BEGIN
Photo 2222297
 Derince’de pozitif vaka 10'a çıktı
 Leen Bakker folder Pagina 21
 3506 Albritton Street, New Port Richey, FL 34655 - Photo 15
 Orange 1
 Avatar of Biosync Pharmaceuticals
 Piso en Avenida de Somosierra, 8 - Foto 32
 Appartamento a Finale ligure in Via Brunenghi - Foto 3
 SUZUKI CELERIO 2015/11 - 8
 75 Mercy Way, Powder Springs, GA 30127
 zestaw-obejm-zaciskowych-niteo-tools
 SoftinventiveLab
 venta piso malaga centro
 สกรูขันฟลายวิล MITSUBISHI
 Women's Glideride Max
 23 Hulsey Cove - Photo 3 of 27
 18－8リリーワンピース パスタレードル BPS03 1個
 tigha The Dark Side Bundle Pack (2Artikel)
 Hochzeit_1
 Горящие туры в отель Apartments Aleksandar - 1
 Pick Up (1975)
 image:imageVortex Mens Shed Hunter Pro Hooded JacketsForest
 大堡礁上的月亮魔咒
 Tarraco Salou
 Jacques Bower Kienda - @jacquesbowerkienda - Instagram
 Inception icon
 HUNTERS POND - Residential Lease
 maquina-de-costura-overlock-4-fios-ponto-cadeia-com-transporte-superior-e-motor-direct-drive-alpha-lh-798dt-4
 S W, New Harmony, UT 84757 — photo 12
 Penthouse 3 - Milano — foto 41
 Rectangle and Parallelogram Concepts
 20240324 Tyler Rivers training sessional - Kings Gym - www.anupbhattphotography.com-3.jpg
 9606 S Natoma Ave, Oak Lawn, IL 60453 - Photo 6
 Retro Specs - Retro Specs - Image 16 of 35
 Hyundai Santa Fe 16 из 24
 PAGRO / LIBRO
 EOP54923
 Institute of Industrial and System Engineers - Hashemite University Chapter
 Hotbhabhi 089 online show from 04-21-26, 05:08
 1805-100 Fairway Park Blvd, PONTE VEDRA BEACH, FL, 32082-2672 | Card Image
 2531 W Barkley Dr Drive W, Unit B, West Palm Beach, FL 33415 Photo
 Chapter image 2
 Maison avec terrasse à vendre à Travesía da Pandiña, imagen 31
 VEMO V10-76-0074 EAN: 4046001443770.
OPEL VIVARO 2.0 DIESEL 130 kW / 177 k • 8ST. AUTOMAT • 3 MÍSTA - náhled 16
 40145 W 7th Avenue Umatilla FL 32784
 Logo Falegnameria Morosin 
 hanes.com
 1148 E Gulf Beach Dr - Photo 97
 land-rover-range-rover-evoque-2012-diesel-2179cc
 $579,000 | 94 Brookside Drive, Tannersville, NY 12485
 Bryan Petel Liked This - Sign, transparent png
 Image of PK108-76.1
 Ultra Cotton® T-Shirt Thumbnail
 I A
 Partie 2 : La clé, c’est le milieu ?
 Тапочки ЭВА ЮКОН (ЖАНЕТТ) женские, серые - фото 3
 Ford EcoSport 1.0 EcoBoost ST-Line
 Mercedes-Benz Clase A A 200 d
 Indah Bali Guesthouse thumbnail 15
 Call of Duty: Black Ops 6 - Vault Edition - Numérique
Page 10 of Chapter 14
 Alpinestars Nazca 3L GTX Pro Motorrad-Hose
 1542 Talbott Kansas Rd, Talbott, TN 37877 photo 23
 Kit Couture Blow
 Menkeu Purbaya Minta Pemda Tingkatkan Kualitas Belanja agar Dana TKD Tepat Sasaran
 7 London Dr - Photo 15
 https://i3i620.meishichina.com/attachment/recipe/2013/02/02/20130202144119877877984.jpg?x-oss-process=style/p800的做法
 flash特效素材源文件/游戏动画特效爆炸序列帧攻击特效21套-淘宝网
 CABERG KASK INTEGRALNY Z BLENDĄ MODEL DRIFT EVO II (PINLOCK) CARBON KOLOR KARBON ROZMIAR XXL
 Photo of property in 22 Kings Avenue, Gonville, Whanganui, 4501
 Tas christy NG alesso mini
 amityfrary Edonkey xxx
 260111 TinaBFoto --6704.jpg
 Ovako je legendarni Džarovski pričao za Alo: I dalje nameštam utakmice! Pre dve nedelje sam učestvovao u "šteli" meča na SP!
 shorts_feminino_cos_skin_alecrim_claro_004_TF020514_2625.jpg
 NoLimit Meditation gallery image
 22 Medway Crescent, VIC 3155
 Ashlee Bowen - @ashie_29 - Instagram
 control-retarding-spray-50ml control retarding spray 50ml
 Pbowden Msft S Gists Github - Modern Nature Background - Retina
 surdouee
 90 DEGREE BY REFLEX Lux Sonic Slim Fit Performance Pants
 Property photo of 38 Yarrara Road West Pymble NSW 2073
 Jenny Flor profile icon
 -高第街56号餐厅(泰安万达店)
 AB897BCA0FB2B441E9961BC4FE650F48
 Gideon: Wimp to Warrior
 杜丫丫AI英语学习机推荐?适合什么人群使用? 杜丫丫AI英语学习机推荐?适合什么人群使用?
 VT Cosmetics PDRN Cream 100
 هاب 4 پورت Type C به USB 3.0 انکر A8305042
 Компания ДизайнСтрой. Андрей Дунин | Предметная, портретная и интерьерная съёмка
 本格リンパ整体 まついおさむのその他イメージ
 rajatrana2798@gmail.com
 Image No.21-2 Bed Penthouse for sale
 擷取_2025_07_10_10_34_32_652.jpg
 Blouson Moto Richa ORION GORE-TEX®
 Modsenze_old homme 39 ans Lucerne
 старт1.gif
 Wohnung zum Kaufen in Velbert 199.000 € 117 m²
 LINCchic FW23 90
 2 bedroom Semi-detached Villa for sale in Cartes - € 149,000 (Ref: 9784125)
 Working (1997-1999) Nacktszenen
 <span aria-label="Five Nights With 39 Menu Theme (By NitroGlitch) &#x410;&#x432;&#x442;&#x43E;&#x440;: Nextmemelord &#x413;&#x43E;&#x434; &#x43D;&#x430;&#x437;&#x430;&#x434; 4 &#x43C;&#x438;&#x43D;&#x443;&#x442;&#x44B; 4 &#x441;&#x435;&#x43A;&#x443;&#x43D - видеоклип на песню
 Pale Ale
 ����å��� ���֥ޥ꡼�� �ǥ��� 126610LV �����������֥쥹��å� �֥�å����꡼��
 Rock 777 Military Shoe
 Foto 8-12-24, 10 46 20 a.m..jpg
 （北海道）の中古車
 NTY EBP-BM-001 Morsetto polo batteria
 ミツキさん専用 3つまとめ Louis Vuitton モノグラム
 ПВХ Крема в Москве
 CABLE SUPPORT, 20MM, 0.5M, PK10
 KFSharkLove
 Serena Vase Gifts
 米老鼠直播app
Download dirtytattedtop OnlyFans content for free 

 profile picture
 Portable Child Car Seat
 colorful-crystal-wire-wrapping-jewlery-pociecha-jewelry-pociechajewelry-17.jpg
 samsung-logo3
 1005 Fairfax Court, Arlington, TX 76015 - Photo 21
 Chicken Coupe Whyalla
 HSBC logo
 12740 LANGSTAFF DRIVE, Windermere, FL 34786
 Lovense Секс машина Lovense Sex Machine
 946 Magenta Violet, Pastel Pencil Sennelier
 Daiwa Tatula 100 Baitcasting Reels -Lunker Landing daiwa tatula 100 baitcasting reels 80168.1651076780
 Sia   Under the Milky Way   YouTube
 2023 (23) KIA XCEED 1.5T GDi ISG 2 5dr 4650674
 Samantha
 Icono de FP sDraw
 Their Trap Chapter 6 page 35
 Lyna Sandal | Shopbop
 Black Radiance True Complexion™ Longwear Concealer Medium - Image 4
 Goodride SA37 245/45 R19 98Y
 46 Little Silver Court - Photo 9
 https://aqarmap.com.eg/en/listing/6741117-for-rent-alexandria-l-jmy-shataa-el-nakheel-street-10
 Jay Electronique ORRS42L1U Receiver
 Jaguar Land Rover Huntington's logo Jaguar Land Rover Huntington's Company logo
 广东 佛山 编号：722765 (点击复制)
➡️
END
Extract the lines of the preceding material that run from the line with "90 DEGREE BY" through the line with "Working (1997-1999) Nacktszenen", inclusive, reproducing them exactly and adding nothing.

 90 DEGREE BY REFLEX Lux Sonic Slim Fit Performance Pants
 Property photo of 38 Yarrara Road West Pymble NSW 2073
 Jenny Flor profile icon
 -高第街56号餐厅(泰安万达店)
 AB897BCA0FB2B441E9961BC4FE650F48
 Gideon: Wimp to Warrior
 杜丫丫AI英语学习机推荐?适合什么人群使用? 杜丫丫AI英语学习机推荐?适合什么人群使用?
 VT Cosmetics PDRN Cream 100
 هاب 4 پورت Type C به USB 3.0 انکر A8305042
 Компания ДизайнСтрой. Андрей Дунин | Предметная, портретная и интерьерная съёмка
 本格リンパ整体 まついおさむのその他イメージ
 rajatrana2798@gmail.com
 Image No.21-2 Bed Penthouse for sale
 擷取_2025_07_10_10_34_32_652.jpg
 Blouson Moto Richa ORION GORE-TEX®
 Modsenze_old homme 39 ans Lucerne
 старт1.gif
 Wohnung zum Kaufen in Velbert 199.000 € 117 m²
 LINCchic FW23 90
 2 bedroom Semi-detached Villa for sale in Cartes - € 149,000 (Ref: 9784125)
 Working (1997-1999) Nacktszenen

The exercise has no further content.